Returning Home after a Disaster

Returning Home after a Disaster

Returning Home

Returning home after a major disaster can be both physically dangerous and mentally difficult. Be careful and make sure local officials have advised it is safe to travel through the areas you need in order to return home.
Be ready to adapt to the conditions at hand as trash, debris and waste may be everywhere. Following is some useful information as a guide for returning home after disaster strikes:

1.  Do not return home until the local authorities say it is safe to do so.

2.  Continue listening to the radio for information and instructions.

3.  Use extreme caution when entering or working in buildings-- structures may have been damaged or weakened. Watch for poisonous snakes in flooded structures and debris.

4.  Do not take lanterns, torches or any kind of flame into a damaged building. There may be leaking gas or other flammable materials present. Use battery-operated flashlights for light. If you suspect a gas leak, do not use any kind of light -- the light itself could cause an explosion.

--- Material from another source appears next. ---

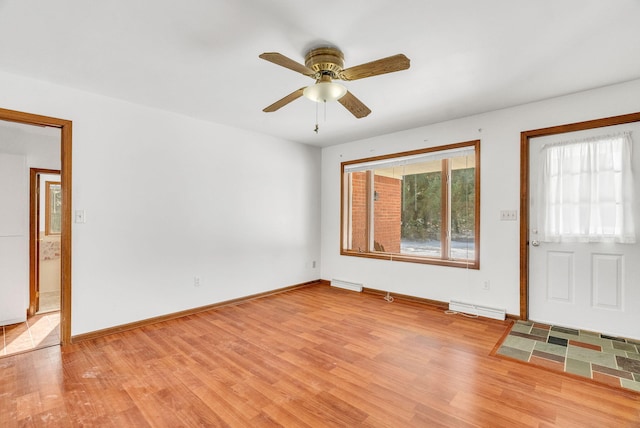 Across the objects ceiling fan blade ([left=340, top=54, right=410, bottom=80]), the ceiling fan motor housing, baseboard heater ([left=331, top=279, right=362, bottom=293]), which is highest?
the ceiling fan motor housing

5.  If you smell leaking gas, turn off the main gas valve at the meter. If you can open windows safely, do so.

  • Do not turn on lights--they can produce sparks that may ignite the gas.
  • Leave the house immediately and notify the gas company or the fire department.
  • Do not re-enter the house until an authorized person tells you it is safe to do so.

6.  Notify the power company or fire department if you see fallen or damaged electrical wires.

7.  If any of your appliances are wet, turn off the main electrical power switch in your home before you unplug them. Dry out appliances, wall switches and sockets before you plug them in again. Call utility companies for assistance.

8.  Check food and water supplies for contamination and spoilage before using them.

9.  Wear sturdy shoes when walking through broken glass or debris, and use heavy gloves when removing debris.

10.  After the emergency is over, telephone your family and friends to tell them you are safe.

Recovering from a Disaster

Even after you return home, recovery continues, as you and your family experience the emotional and psychological effects of the event. Reactions vary from person to person, but may include:

  • Restless sleep or nightmares
  • Anger or wanting revenge
  • Numbness or lack of emotion
  • Needing to keep active, restlessness
  • Needing to talk about your experiences
  • Loss of appetite
  • Weight loss or gain
  • Headaches
  • Mood swings

These are normal reactions to stressful events and it is important to let people react in their own way. In particular, children may need reassurance and extra attention.

It is best to encourage children to share their feelings, even if you must listen to their stories repeatedly. This is a common way for children to grasp what they have experienced. Children have an active imagination and the words and actions from a parent or adult caregiver can provide reassurance to a child who feels deeply afraid. When talking to your child, be sure to present a realistic picture that is both honest and manageable.